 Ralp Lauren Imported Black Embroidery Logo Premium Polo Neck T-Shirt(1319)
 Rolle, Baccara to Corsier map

* * *

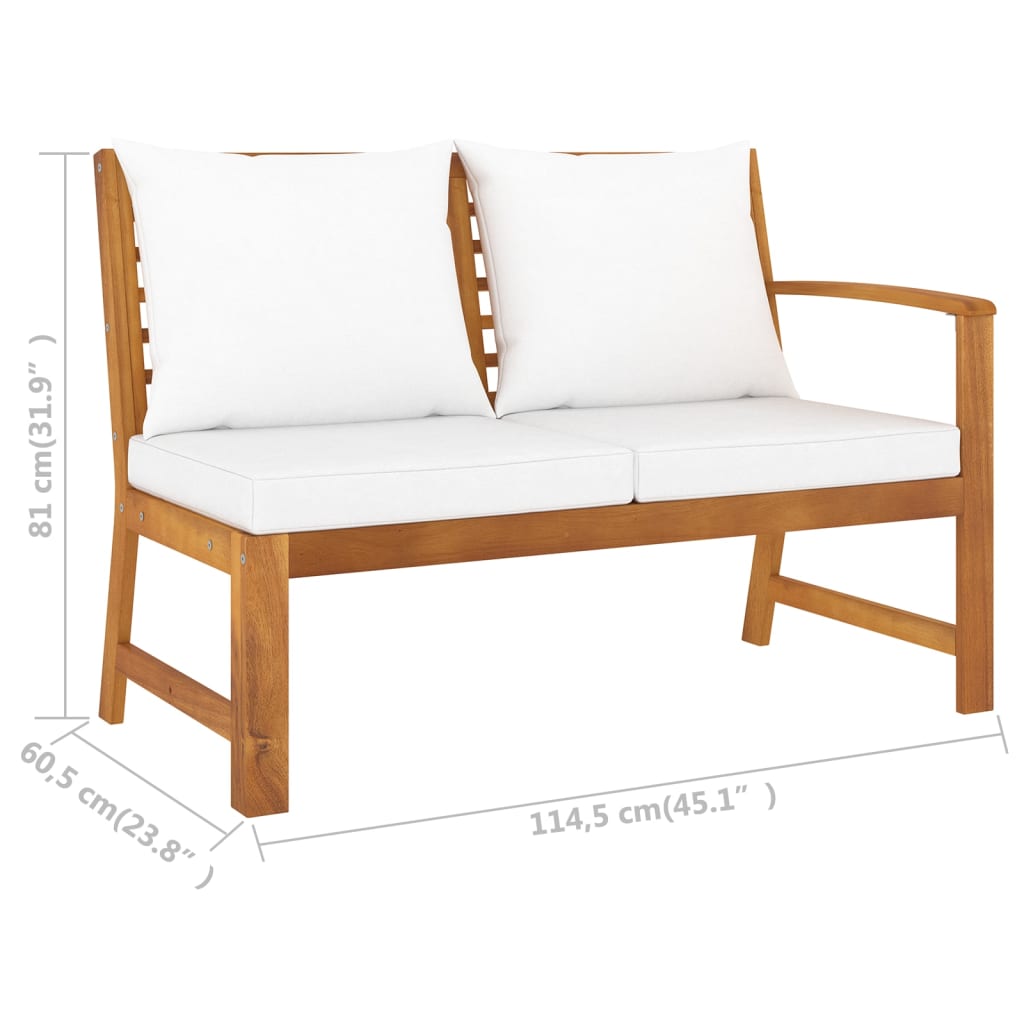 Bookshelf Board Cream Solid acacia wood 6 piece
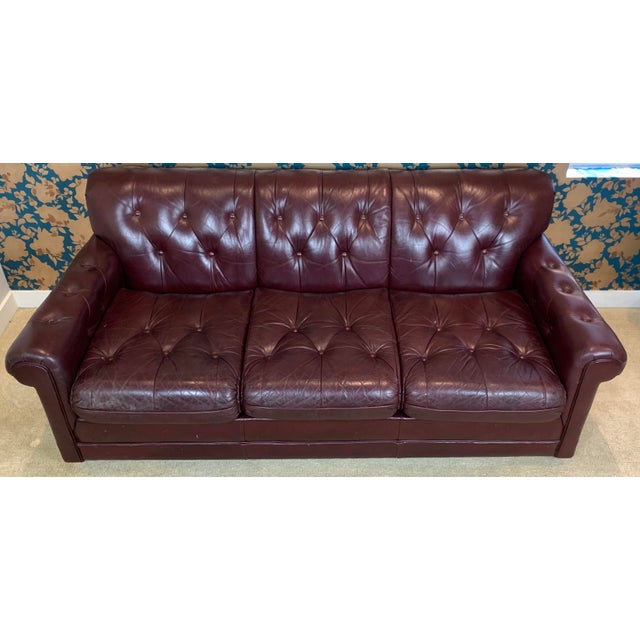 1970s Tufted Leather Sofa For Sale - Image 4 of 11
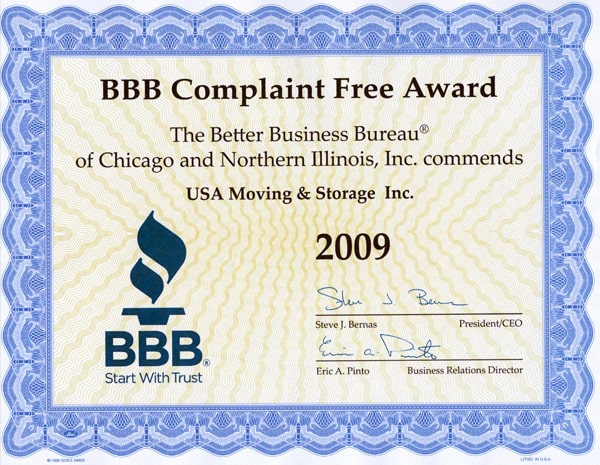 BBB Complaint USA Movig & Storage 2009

● Exercise directions
Copy exactly the part of the material above that opens with the line containing "1970s Tufted Leather" and closes with the line containing "BBB Complaint USA Movig & Storage 2009", ends included. Drop the images.

● Output below
 1970s Tufted Leather Sofa For Sale - Image 4 of 11
 BBB Complaint USA Movig & Storage 2009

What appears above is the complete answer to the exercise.